2. Davacı vekilinin temyiz itirazlarının 2.,3. ve 4. bentler uyarınca kabulü ile, temyiz olunan kararın hüküm fıkrasının birleşen dosya başlıklı kısmının 2. maddesinin 2. satırında, 6. maddesinin ilk satırında ve 7. maddesinin 2. satırında yer alan "...davalı ...'den..." kelimelerinin çıkartılarak yerine "...asıl dosyada davalı ..., birleşen 2019/400 E.sayılı davada davalı olan ... ve birleşen 2020/92 E.sayılı davada davalı olan ... İnş. Tur. Lojistik San. ve Tic.

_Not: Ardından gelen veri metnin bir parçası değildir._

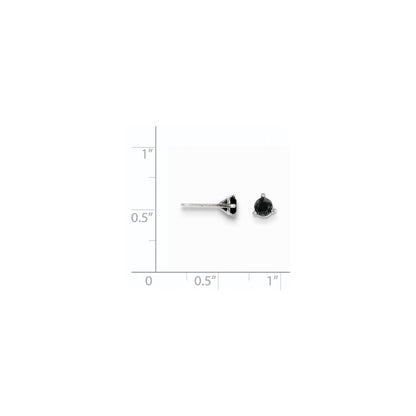 14K Weißgold Ohrstecker mit schwarzen Diamanten, 0,40 ct. Gesamtgewicht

Ltd. Şti'den müteselsilen..." kelimelerinin yazılmasına, hükmün değiştirilmiş bu şekliyle DÜZELTİLEREK ONANMASINA,

17.100,00 TL duruşma vekalet ücretinin davalılardan alınarak Yargıtay duruşmasında vekille temsil olunan davacıya verilmesine,

Peşin alınan harçların istek halinde temyiz edenlere iadesine,

Karara karşı tebliğ tarihinden itibaren 15 gün içinde karar düzeltme isteminde bulunulabileceğine,

Dosyanın Mahkemesine gönderilmesine,

18.04.2024 tarihinde oy birliğiyle karar verildi.